City Council considered these rule changes but tabled the proposed ordinance until an ecological survey and a formal planning process for the Ragged Mountain Natural Area was completed. The council also passed a motion to agree in principle with shared use of the land.
Under Option C, bikes would be permitted on road beds on the perimeter of the site and also would be allowed at two locations where the beds go down to offer a clear view of the reservoir.
Both hikers and joggers would be allowed on all trails at the natural area with Option C.
Option D was the same as Option C, with the addition of shared use for dog owners on the road beds.
“To me, Parks [and Recreation] has not listened to the public comments, and there’s no ‘Option E’ that says bikes, respectfully, can have access [to the trails].”
Gensic said dog walkers would be allowed to come near lake viewpoints but would be limited in their access to shoreline out of environmental considerations.
“If there was some waste left way at the top of the ridge on that road bed, its potential to migrate into the water supply would be extremely, extremely, extremely low and nature would have taken care of it before it ever falls into the lake, hypothetically,” Gensic said.
Dog walkers would face the same regulations at Ragged Mountain as dog walkers at other city parks, which require dogs to be on leashes and that waste be cleaned up.
Gensic said they considered an “everybody on every trail” shared-use option, but given the space limitations of some of the trails, they ultimately did not propose such an option in their plans.
“To me, Parks [and Recreation] has not listened to the public comments, and there’s no ‘Option E’ that says bikes, respectfully, can have access [to the trails],” said city resident Jonathan Ciambotti.

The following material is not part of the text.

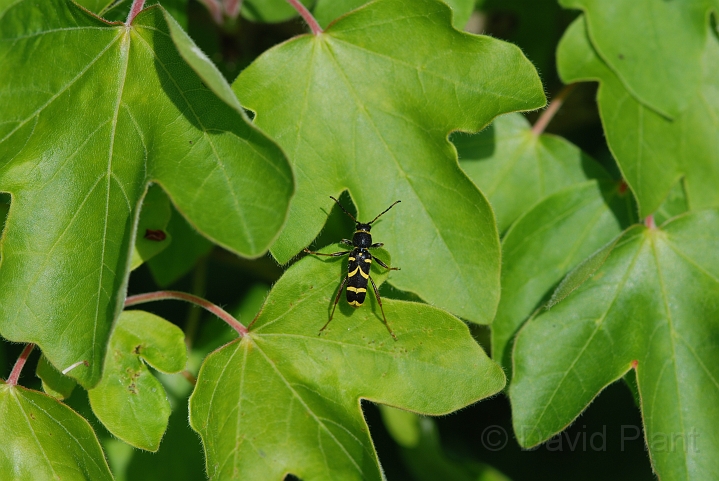 Wasp beetle - B.JPG - Wasp beetle - Gloucestershire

Parks and Recreation Director Brian Daly said trail locations have been proposed with the ecological survey of the land in mind and are sited to be as far outside of the most sensitive ecological areas as possible.
“We will gladly accommodate all user groups — that is what shared use is about,” Ciambotti said. “The only option here is we get less than 10 percent of the land use, and that is in direct contradiction to what the public has said at all these public meetings.”

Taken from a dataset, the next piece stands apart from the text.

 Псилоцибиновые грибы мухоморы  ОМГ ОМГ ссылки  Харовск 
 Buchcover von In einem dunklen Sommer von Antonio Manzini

Other attendees thought the natural area’s rules should remain unchanged.
White said the majority of parks in Charlottesville and Albemarle County allow for dogs and bikes, while there are only two natural areas — the other being the Ivy Creek Natural Area.
“A person or several persons walking through parkland doesn’t have the same impact as dogs or bicycles riding through it,” White said in an interview. “Those aren’t bad people, those aren’t bad things to do, but this is just one area that needs to be a haven … for the creatures that live there.”

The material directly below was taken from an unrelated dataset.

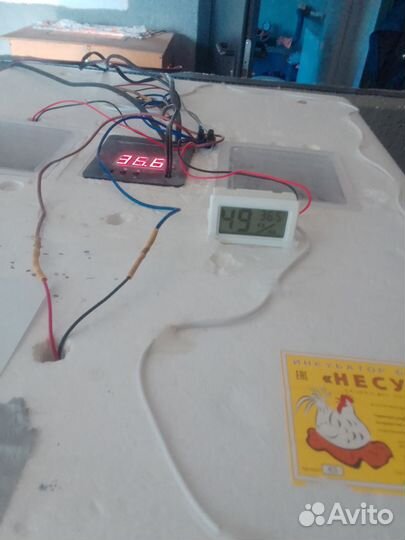 Инкубатор автоматический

Attendees voted on their preferred plans, and the so-called Option E — which would allow bikes on designated trails besides the road beds — won with 35 votes. Option B received 28 votes to maintain the current rules. None of the other options received more than 13 votes.
“We’ll take all of these comments, digest them and come up with an option,” Daly said.
Public hearings will be held on a draft master plan for the park in front of the Parks and Recreation Advisory Board and the Planning Commission. A 30-day public comment period also will be held for the draft plan.
A final park master plan will then be adopted by the Parks and Recreation Advisory Board and sent to City Council in the next 45 to 90 days.